▶ Your objective
Given the material below, output exactly the lines from the line with "AMSTERDAM, NETHERLANDS - 13" to the line with "LAMINA V16249: Vista", both ends included, and no other lines.

▶ Dataset records

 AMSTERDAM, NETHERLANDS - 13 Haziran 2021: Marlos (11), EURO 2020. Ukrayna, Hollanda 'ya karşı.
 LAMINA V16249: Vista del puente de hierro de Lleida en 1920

==

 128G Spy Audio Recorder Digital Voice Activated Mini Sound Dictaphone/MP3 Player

--

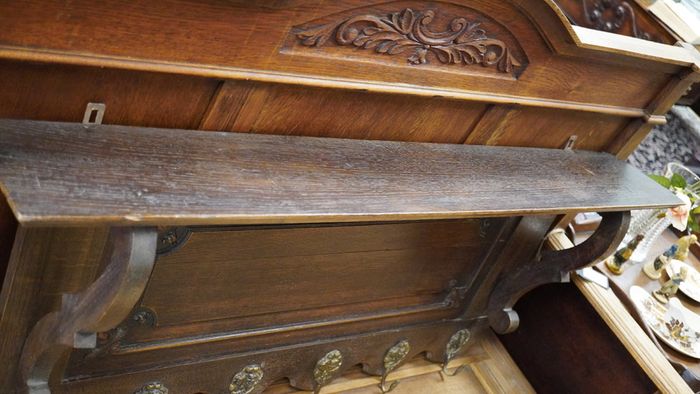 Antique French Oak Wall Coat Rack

▶ Result of the task
 AMSTERDAM, NETHERLANDS - 13 Haziran 2021: Marlos (11), EURO 2020. Ukrayna, Hollanda 'ya karşı.
 LAMINA V16249: Vista del puente de hierro de Lleida en 1920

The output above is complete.